Google AdWords is evolving! More front end, user facing enhancements have occurred in the last year than I can remember in my 7+ years of paid search. This is really fun for me because I’m obsessed with PPC and also because the front end is all about marketing at its best. The tools now available, via Google ad extensions, empower us more than ever to deliver amazing ad experiences to the end user.
If you’ve been reading PPC Ian for a while, you probably know I’m a huge fan of sitelinks. Out of all the Google AdWords ad extensions, sitelinks are by far my favorite. Today, I’m excited to share a neat screenshot (below) that shows State Farm’s brand ad with six sitelinks! That’s right, if your CTR is high enough, Google now appears to be delivering six sitelinks. Also, I’m pleased to share some of my favorite sitelinks tips and strategies.

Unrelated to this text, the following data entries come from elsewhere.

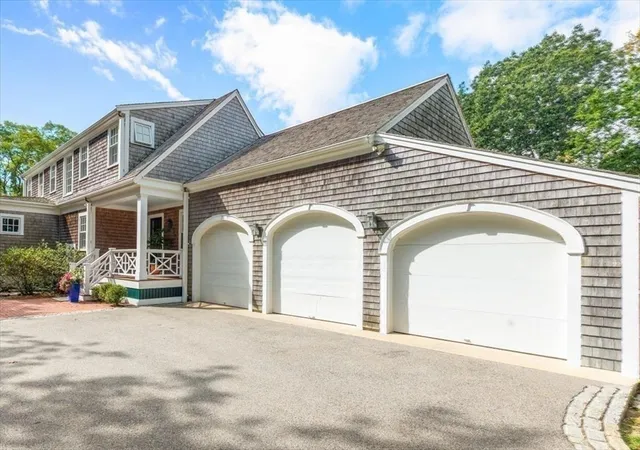 Homes for sale in Duxbury, MA | 39 Bay Pond Rd, Duxbury, MA 02332 | MLS# 73488436
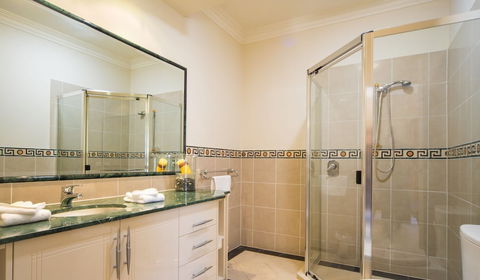 LUXE At Sanctuary Cove - Lennox Head Accommodation 2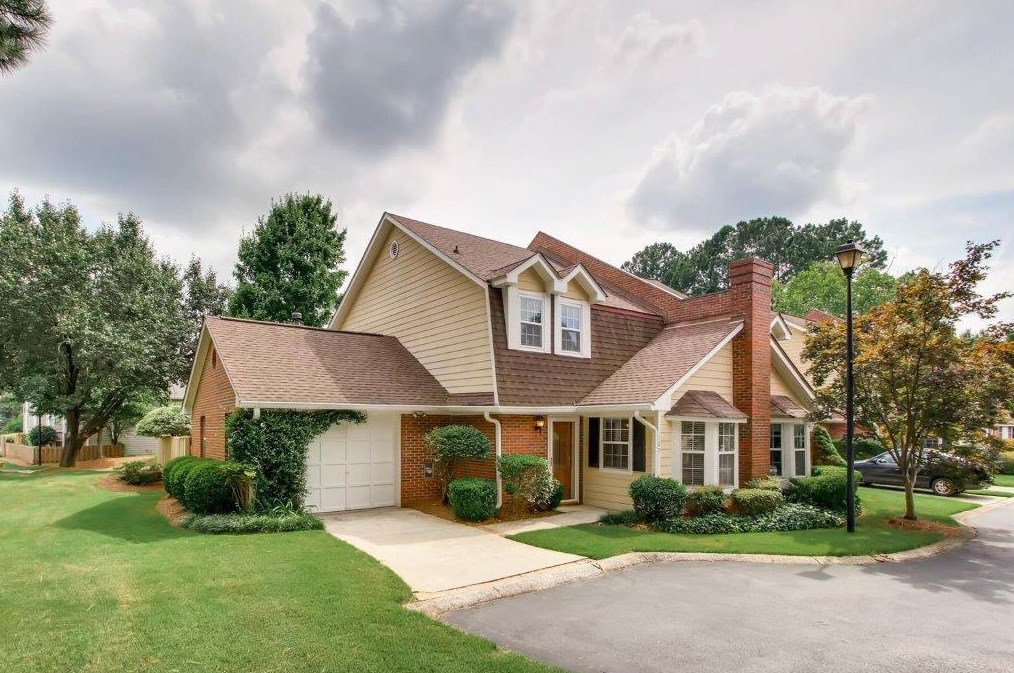 107 Mary Gay Ct, Decatur GA  30030-2904 exterior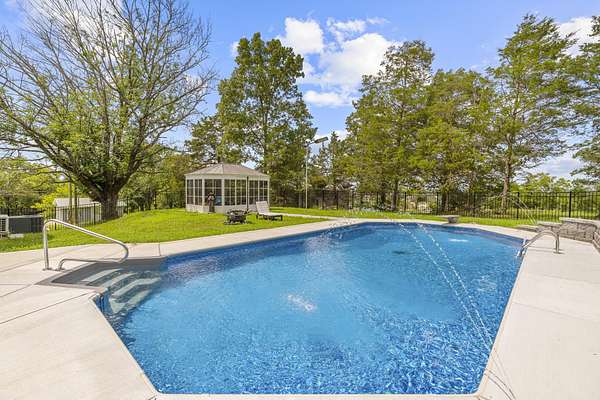 2.9 Acres of Land with Home for Sale in Lebanon, Tennessee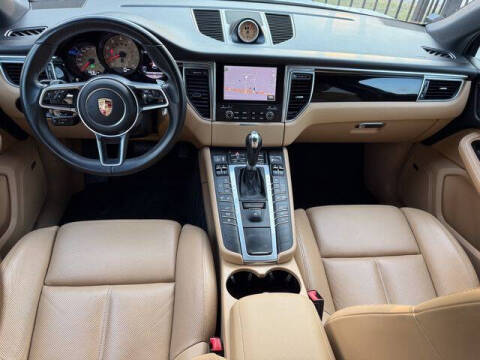 2017 Porsche Macan S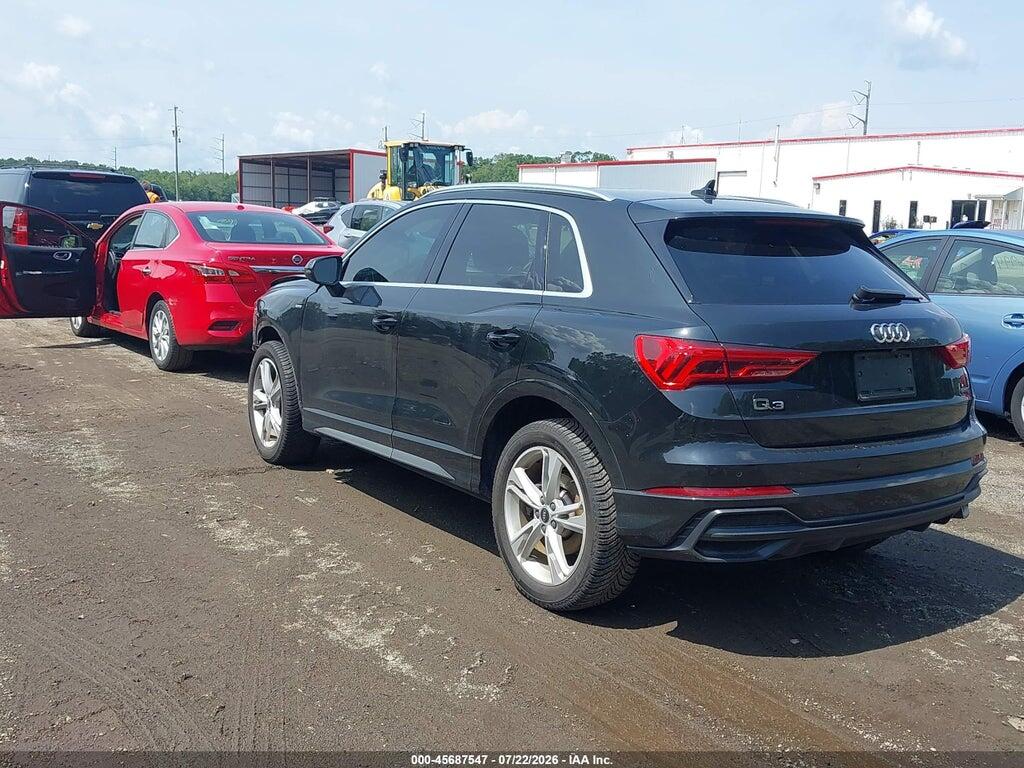 WA1DECF38N1004752 2022 AUDI Q3 photo no. 3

PPC Ian’s Top 4 Sitelinks Tips
Now, this is cool for State Farm, but you may be wondering what does this mean for you? Good question! First and foremost, make sure to make sure all your campaigns (especially the ones that house your brand name terms) have six sitelinks. If you don’t have six sitelinks, it’s impossible for six to show up. Side note: I noticed one advertiser recently who only had three sitelinks (two on the first line and one on the second). I think it’s because they only had three in their campaign, how embarrassing. I never advise having fewer than four sitelinks. If your worried about which ones Google will pick, don’t be. If you include six sitelinks, but only two or four show, Google will pick the ones that optimize your CTR (to the best of my knowledge).
Second, I highly recommend longer sitelinks. If you have longer sitelinks, they’re likely to occupy multiple lines like State Farm’s. However, let’s say you have shorter sitelinks. Then, they’re likely to display side-by-side and occupy fewer lines (less real estate).
Third, I recommend sending your sitelinks to different landing pages. The original intent of sitelinks is bringing your site’s navigation closer to the user. Now, you could send all of them to the same landing page, however this is not an ideal user experience and could lower your conversion rate.
Last, I recommend including calls to action in your sitelinks. State Farm does not do this, although I cannot fault them because they appear to be doing quite well. That said, there is always room for improvement when it comes to pay per click. If State Farm included words like “compare”, “find”, “get”, “apply”, etc. in their sitelinks, they are likely to improve CTR and conversion rate too (in my opinion).